From Friday 1 June, China’s A-shares entered the MSCI Emerging Markets Index and this is expected to lead to significant inflows into Chinese equities from foreign investors. However, as portfolio manager of the emerging markets equity fund SKAGEN Kon-Tiki Fredrik Bjelland explains, while the absolute numbers expected in terms of A-shares inflow may seem high – some estimate USD 40 billion – they are relatively modest compared with the size of the A-share market at USD 8 trillion. He therefore does not expect any major short-term impact on the market.

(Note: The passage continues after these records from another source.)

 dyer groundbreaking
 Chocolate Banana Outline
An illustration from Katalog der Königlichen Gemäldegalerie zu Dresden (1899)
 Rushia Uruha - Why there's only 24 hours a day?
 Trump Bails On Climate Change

“That being said, we believe that this is a significant directional change and that the share of China’s weight in emerging market and global indices will only rise with time. As such, global investors can ill afford to ignore this market going forward,” comments Fredrik.
For SKAGEN Kon-Tiki, the index inclusions do not change anything per se. The team is benchmark agnostic and has already made a few A-share investments well ahead of index inclusion. Two recent examples include Gree Electric, the world’s leading air conditioning supplier, and Hangzhou Robam Appliances, a high-end kitchen appliance manufacturer. While the team has already taken profit in Gree Electric and exited the stock, the recent correction in Hangzhou Robam Appliances provided an opportunity to enter the stock at an attractive valuation.
Important to be active
The Kon-Tiki team sees significant opportunities for finding attractively positioned companies in A-shares and considers the market structure to be conducive to active management. Due to the heterogeneous nature of emerging markets, the team believes that active managers have greater opportunities to add value through a disciplined and selective investment process.

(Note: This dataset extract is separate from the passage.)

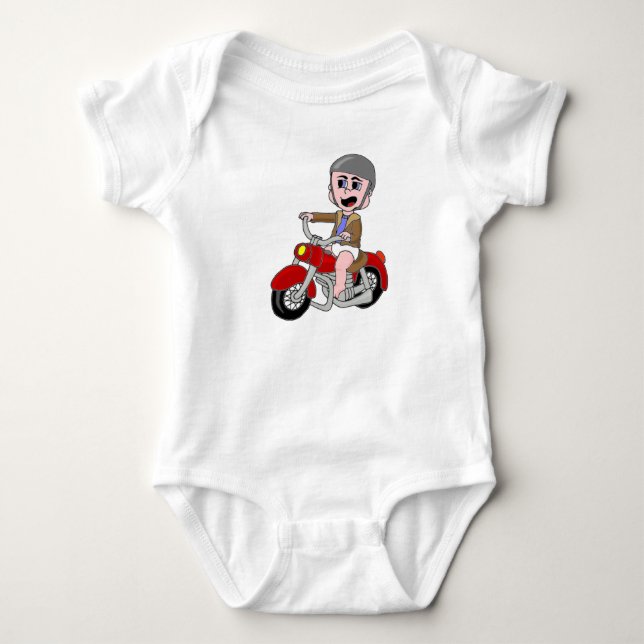 Body Bébé de moto (Devant)
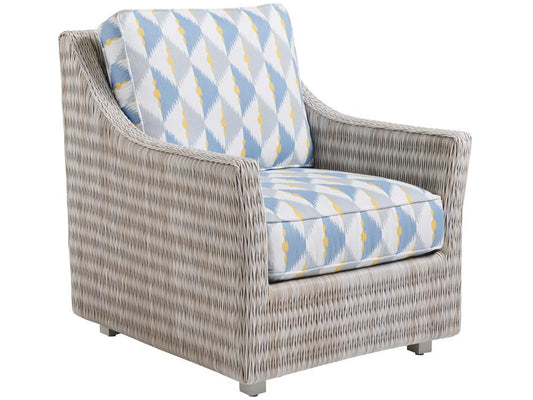 Tommy Bahama Outdoor - Seabrook Chair, Ivory - 3430-11-40 veiw 1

However, the team remains wary of higher risks in China, especially with respect to financial disclosure, Environmental, Social and Governance (ESG) factors and generally higher valuations than for similar companies in Hong Kong. ESG factors are important to safeguard long-term value creation and it is therefore important to be able to carry out independent analysis across financial and non-financial metrics, something that active managers are well placed to do.

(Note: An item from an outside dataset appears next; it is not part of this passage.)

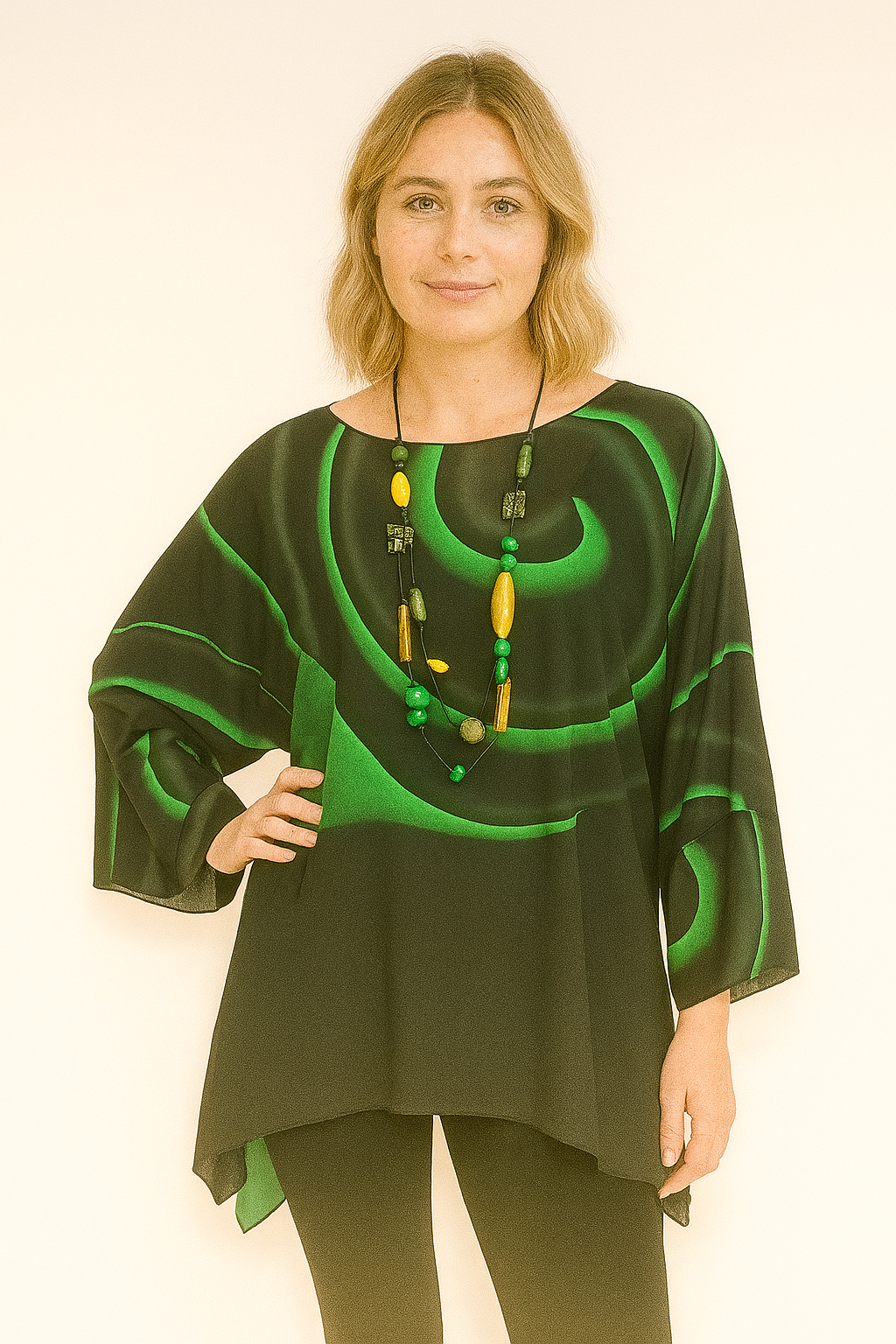 Deep Emerald Elegant One Size Fits All  | LIOR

“We will therefore continue to approach China in the same way that we approach any opportunity, namely focused on companies (bottom-up) with a clear view on risk/reward trade-off,” comments Fredrik.
From Shanghai to Stavanger
For Fredrik, who left Shanghai for Stavanger to join the Kon-Tiki team just nine months ago, working at SKAGEN in Stavanger has inevitably been a big change from working at NBIM in London and Shanghai. Nonetheless, he has been impressed by the strong culture and team dynamic at SKAGEN and singular focus on uncovering attractive investment opportunities for the fund’s unit holders.
“We have introduced a number of new companies into the portfolio while at the same time maintaining the clear value-based investment philosophy that attracted me to SKAGEN. I have also enjoyed engaging with many of our clients. Gaining a better understanding of our different clients’ expectations and how we can best meet them has been an important focus for me as I have settled into the team,” comments Fredrik.
At the time of writing, Fredrik is set to embark on a nine-day trip to China to visit a wide range of companies and former contacts in Shanghai, Hangzhou, Suzhou and Wuxi – all cities within a two hour train ride of Shanghai – and a cluster of high-tech industries.